Yes, it's true that some(specifically 18A) of the successes Intel have had since the CEO switch were essentially part of the plan under Gelsinger. But to say that nothing has changed seems simply uninformed, and that's me being charitable.
LBT has done lots of things, including securing significant investment, cutting costs, made some good deals in the DC segment, and most importantly, started making real progress(still early days though) in finding actual foundry customers willing to commit to 14A. Intel under Gelsinger was approaching its foundry business in a "build it and they will come" sort of way, hemhorrhaging huge piles of cash and merely crossing their fingers that customers would show up at this point. One of the first things LBT did as CEO was make future development of 14A contingent on finding customers for it, which is precisely ehat he's been trying to do.
This quarterly report was the first during his tenure that showed some real financial progress: the quarter was profitable when analysts expected breakeven, sequential foundry revenue grew, 18A yields are up, guidance looked good. This, to you, is practically nothing? It seems to me that going from bleeding cash at an accelerating rate, to turning a profit, is about very much something.

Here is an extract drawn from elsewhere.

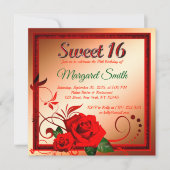 ゴールデンレッドローズスイート16インビテーション 招待状 (正面)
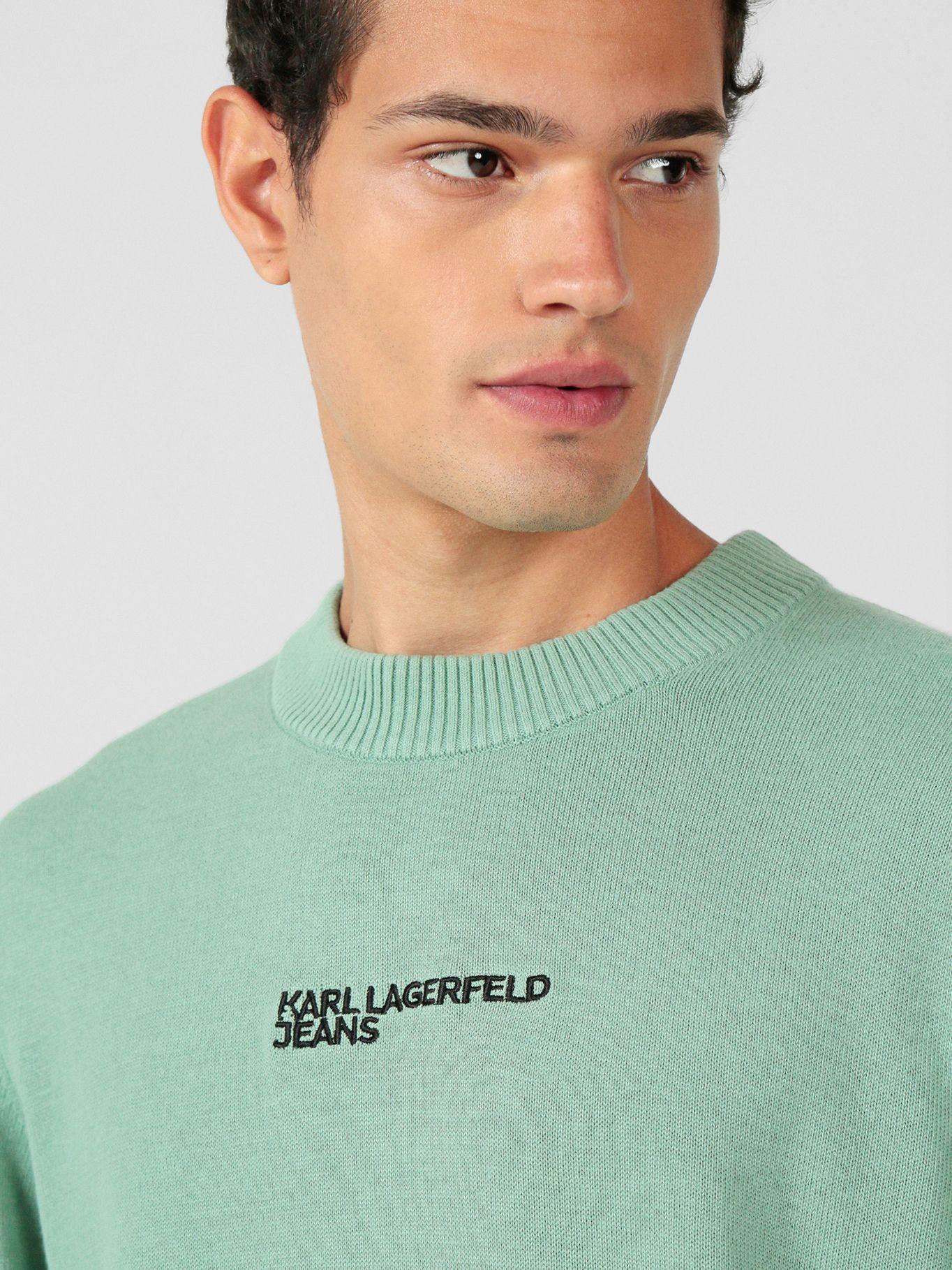Sweater con logotipo bordado Verde Karl Lagerfeld-4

And again, I agree that hype is a bit overzealous right now, but arguably the fact that there's market optimism about INTC again is a huge victory on LBT's part. Because how exactly is IFS supposed to attract customers willing to make multiyear commitments to their services if the company is universally seen as a sinking ship? To state the obvious, market sentiment can make or break a public company, no matter how disconnected that sentiment is from the fundamentals.

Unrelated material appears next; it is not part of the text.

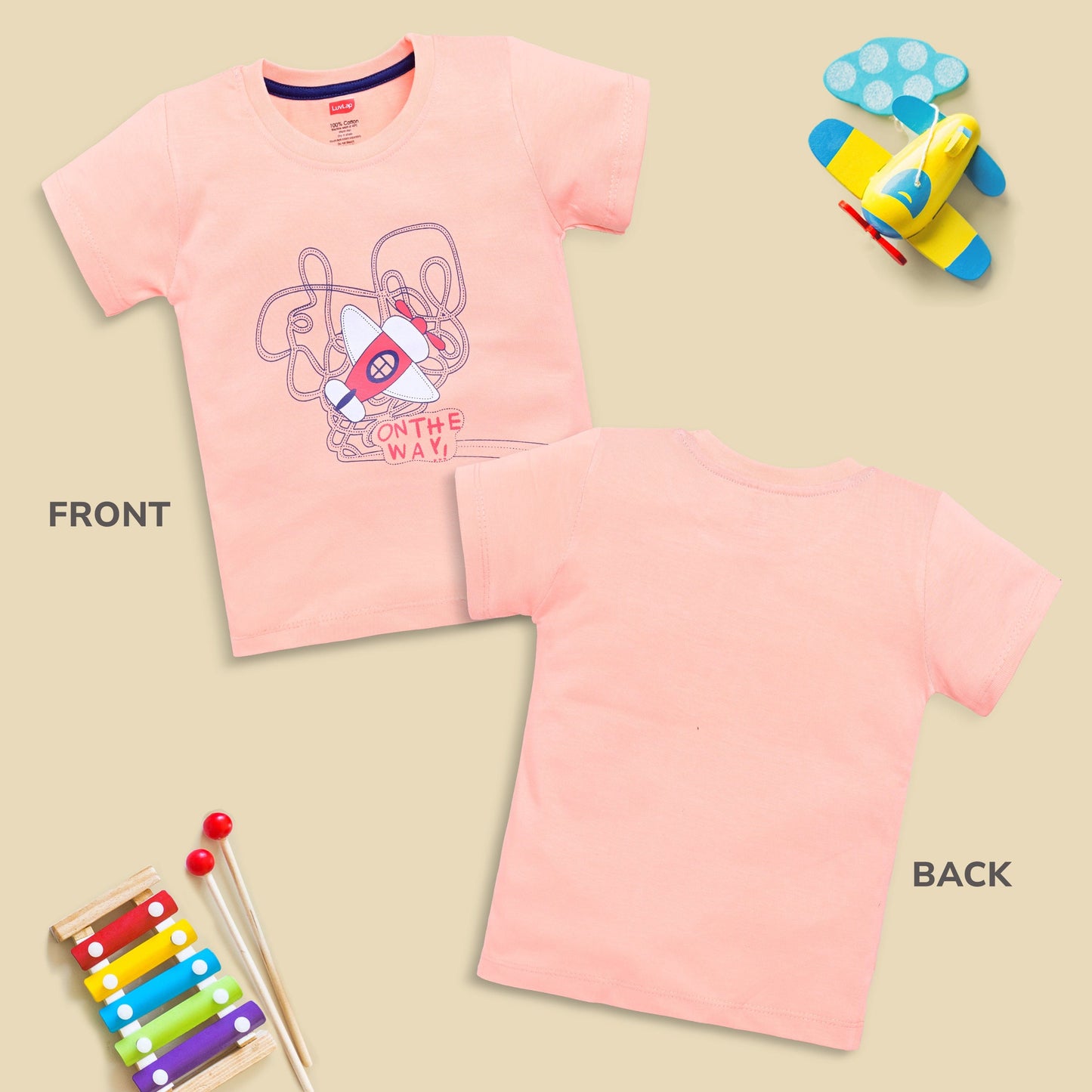 Baby Boys Regular Fit 100% Cotton Half Sleeve Boys T-Shirt Pack Of 5, White, Aqua, White, Peach & Olive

And to say Intel has no AI strategy seems disingenuous. LBT has addressed AI strategy quite explicitly in public, and you can look it up if you want.
I'm cautiously bullish on INTC in the long term. I do expect a correction at some point, just like I would for any stock that goes up more than 20% in one day, but to me that's just market swings. The daily machinations of the stock market are like a tale told by an idiot, full of sound and fury, signifying nothing.